I dropped Aaron off at the Denver Airport early in the morning. While he attended a work trip for a few days, I gallivanted off to Nebraska. My first stop: Panorama Point, the highpoint of Nebraska. This was not a hike; I drove on back highways and long gravel roads for a awhile to an entry to a private bison ranch. I dropped my $3 entrance fee in the box and finished the drive to the parking area.

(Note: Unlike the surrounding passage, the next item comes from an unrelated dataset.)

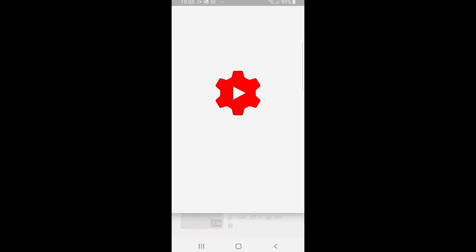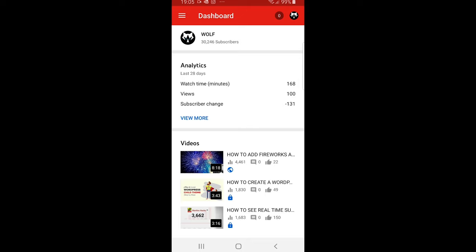If YouTube Studio is not installed yet, just install it and you will open this window.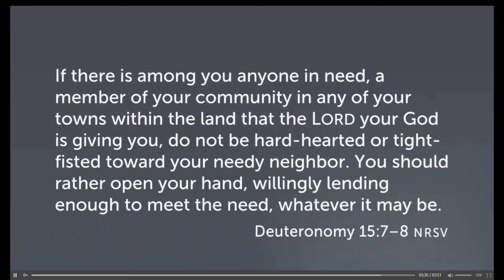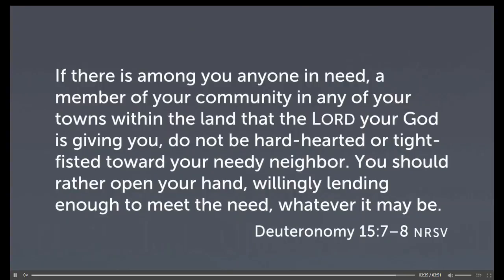This builds on a verse from Deuteronomy 15, verses 7 through 8. If there is among you anyone in need, a member of your community, in any of your towns within the land that the Lord your God has given you, do not be hard-hearted or tight-fisted toward your needy neighbor. You should rather open your hand, willingly lending enough to meet the need, whatever it may be.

Since leaving Oregon nearly a year ago, I’ve visited the summits of three state highpoints: Black Mesa (OK), Taum Sauk (MO) and Mt. Sunflower (KS). While I was way out in the middle of the country, I figured I may as well grab Nebraska’s highpoint. I might not be in spitting distance anytime soon. Now I’ve got nine peaks out of 50, which is not much to write home about, but I’m much closer to completing the list than I was last year!

Flora and fauna

By the time I arrived at the Wildcat Hills State Recreation Area, I was so sick of driving. I booked a campsite for the next two nights and settled in. My spot had a couple of trees perfect for setting up a hammock, so that’s the first thing I did. Looking up from my relaxing perch, I noticed quite a bit of bird activity. I spent the afternoon switching between reading, napping and birdwatching. I noticed a pair of mountain bluebirds gathering up nesting material and bringing it to their hole in a snag near my hammock trees. Then I observed as a pair of finches flew in and out of their nesting site in a jumble of mistletoe right over my head. And on the ground, several chipping sparrows bobbed their cute little red heads up and down searching for snacks.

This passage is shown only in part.